▸ The input
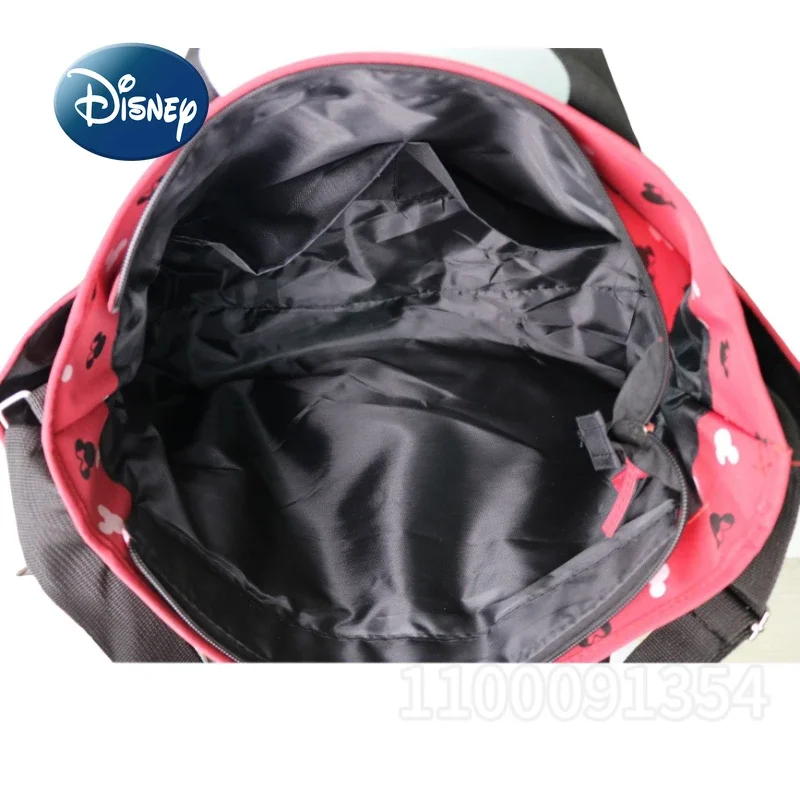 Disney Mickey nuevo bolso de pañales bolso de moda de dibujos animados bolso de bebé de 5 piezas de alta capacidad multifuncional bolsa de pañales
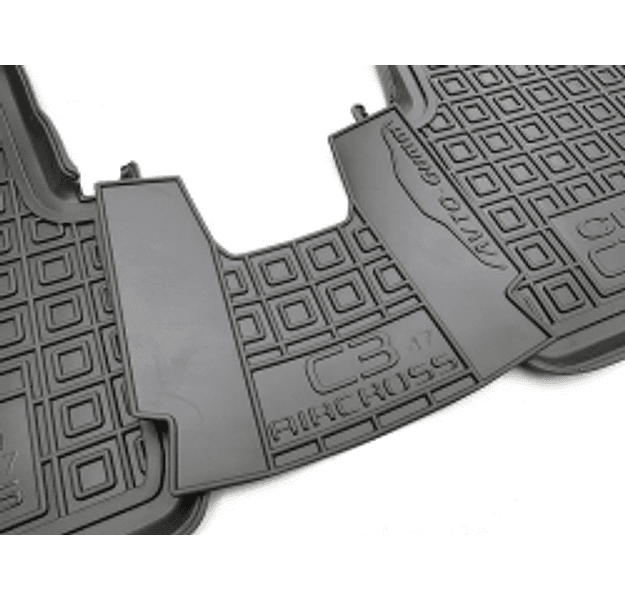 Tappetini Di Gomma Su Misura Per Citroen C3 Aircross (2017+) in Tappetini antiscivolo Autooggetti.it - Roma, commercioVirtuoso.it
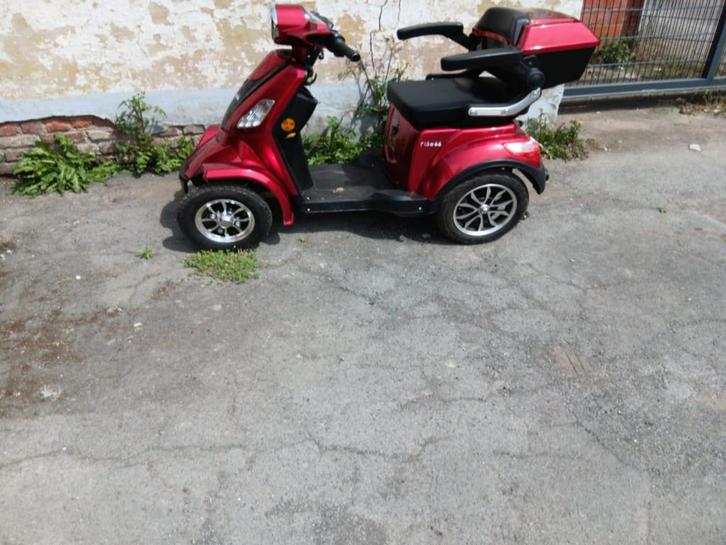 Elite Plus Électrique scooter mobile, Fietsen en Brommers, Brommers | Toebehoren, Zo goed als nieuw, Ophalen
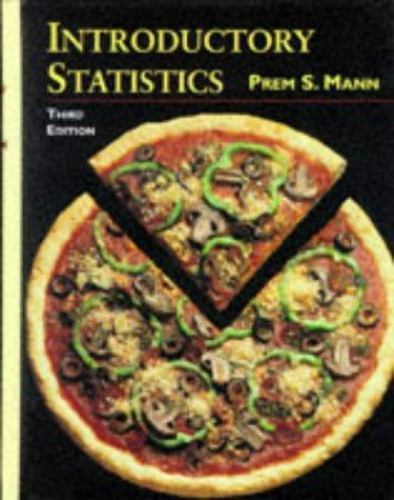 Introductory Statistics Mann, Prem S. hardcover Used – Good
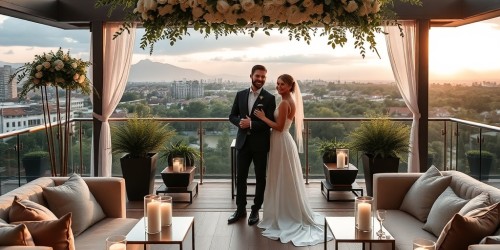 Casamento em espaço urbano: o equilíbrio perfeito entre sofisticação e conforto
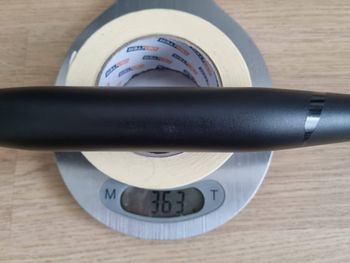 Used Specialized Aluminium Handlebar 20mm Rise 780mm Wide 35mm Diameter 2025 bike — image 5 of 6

...

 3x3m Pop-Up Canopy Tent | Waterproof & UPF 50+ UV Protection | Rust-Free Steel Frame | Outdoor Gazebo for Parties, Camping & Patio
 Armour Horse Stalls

▸ Exercise prompt
Your answer should be the exact lines above from the one containing "Introductory Statistics Mann, Prem" through the one containing "Used Specialized Aluminium", with both end lines kept and the pictures removed, please.

▸ Your solution
 Introductory Statistics Mann, Prem S. hardcover Used – Good
 Casamento em espaço urbano: o equilíbrio perfeito entre sofisticação e conforto
 Used Specialized Aluminium Handlebar 20mm Rise 780mm Wide 35mm Diameter 2025 bike — image 5 of 6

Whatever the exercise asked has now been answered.